Summary. The manuscript investigates self-attention networks (SAN) for Chinese word segmentation (CWS) as an alternative to BiLSTM-CRF sequence labeling models. It examines the addition of BERT contextualized embeddings and proposes a method for integrating word information into SAN. The central claim is that SAN yields highly competitive results versus BiLSTMs, that BERT and word information further improve both in-domain and cross-domain performance, and that the final models achieve the best results across six heterogeneous domain benchmarks.
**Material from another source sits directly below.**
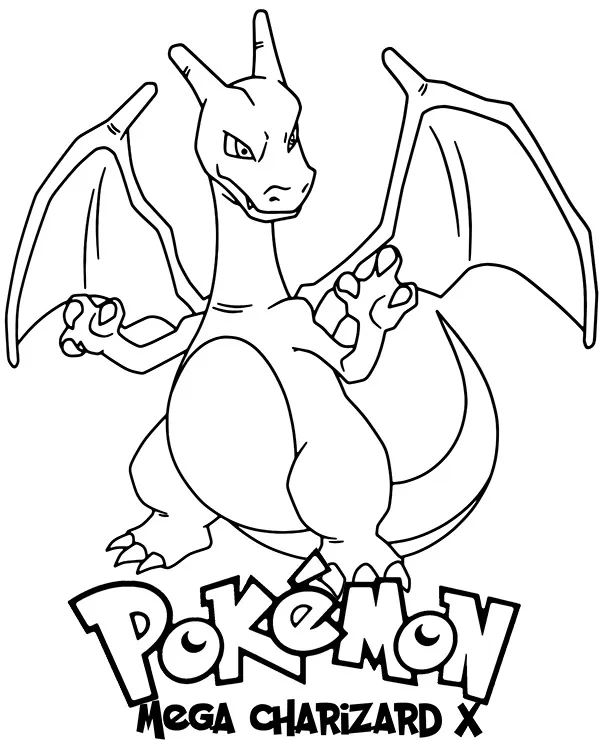 Pokemon Mega Charizard X kolorowanka do druku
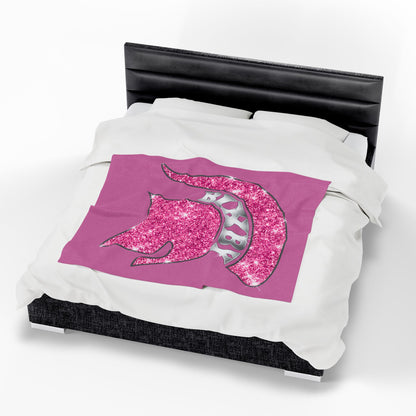 Spartan Pink Bling Logo Velveteen Plush Blanket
Significance. If the head-to-head comparisons prove fair, the work would establish SAN as a practical, parallelizable substitute for BiLSTM-CRF in CWS and illustrate the additive value of pre-trained embeddings plus explicit word features; the multi-domain evaluation would strengthen claims of robustness.

major comments (2)

[Abstract / Experiments] Abstract and experimental sections: the headline claim that SAN (and final BERT+word models) outperform or match BiLSTM-CRF on six benchmarks rests on the unverified premise that hyper-parameter search budgets, character embedding initialization, learning-rate schedules, early-stopping rules, and preprocessing pipelines (OOV handling, sentence segmentation, cross-domain adaptation) were held constant; no such equivalence is documented, so observed F1 differences cannot be attributed to architecture.
[Abstract / Results] Results presentation: the abstract asserts 'best results for 6 heterogeneous domain benchmarks' yet reports neither raw F1 scores, baseline numbers, standard deviations, nor statistical significance tests; without these quantities the magnitude and reliability of the claimed improvements cannot be evaluated.

minor comments (1)

[Abstract] The abstract refers to 'six heterogenous domain benchmarks' without naming the datasets or citing their sources.

Simulated Author's Rebuttal

2 responses · 0 unresolved

We thank the referee for the careful review and constructive feedback on our work investigating self-attention networks for Chinese word segmentation. We address the two major comments point by point below, focusing on experimental fairness and results reporting. Where revisions are needed to strengthen the manuscript, we indicate them explicitly.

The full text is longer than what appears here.